Enquanto a Via Láctea e Andrómeda ainda estão destinadas a colidir e a fundir-se, tanto o “timing” quanto o nível de destruição da interação também são provavelmente diferentes do esperado.
Dado que o movimento de Andrómeda difere um pouco das estimativas anteriores, a galáxia provavelmente vai, ao início, “raspar” a Via Láctea em vez de colidir frontalmente. Isto ocorrerá, não daqui a 3,9 mil milhões de anos, mas daqui a 4,5 mil milhões de anos – 600 milhões de anos mais tarde do que o previsto.
“Este achado é crucial para a nossa compreensão de como as galáxias evoluem e interagem,” disse Timo Prusti, cientista do projeto Gaia da ESA.
“Nós vemos características invulgares em M31 e em M33, como correntes distorcidas e caudas de gás e estrelas. Se as galáxias ainda não passaram perto uma da outra, não podem ter sido criadas pelas forças que se sentiram durante a fusão. Talvez se tenham formado por meio de interações com outras galáxias, ou pela dinâmica do gás dentro das próprias galáxias.
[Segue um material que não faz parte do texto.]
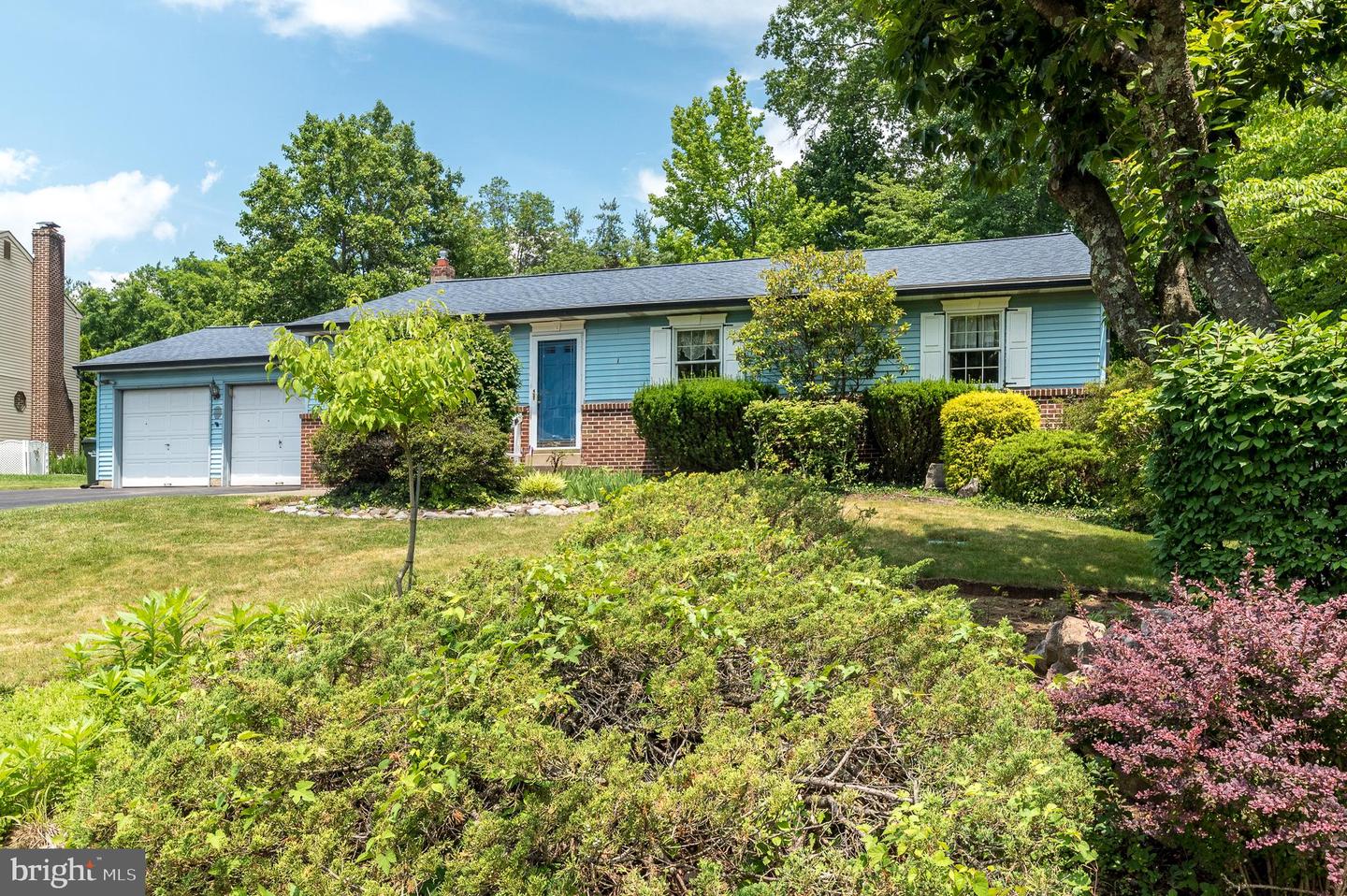 2545 Pioneer Rd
“O Gaia foi construído principalmente para mapear as estrelas da Via Láctea – mas este novo estudo mostra que o satélite está a superar as expetativas e pode fornecer informações únicas sobre a estrutura e dinâmica das galáxias para lá da nossa. Quanto mais tempo o Gaia observar os minúsculos movimentos destas galáxias pelo céu, mais precisas serão as nossas medições.”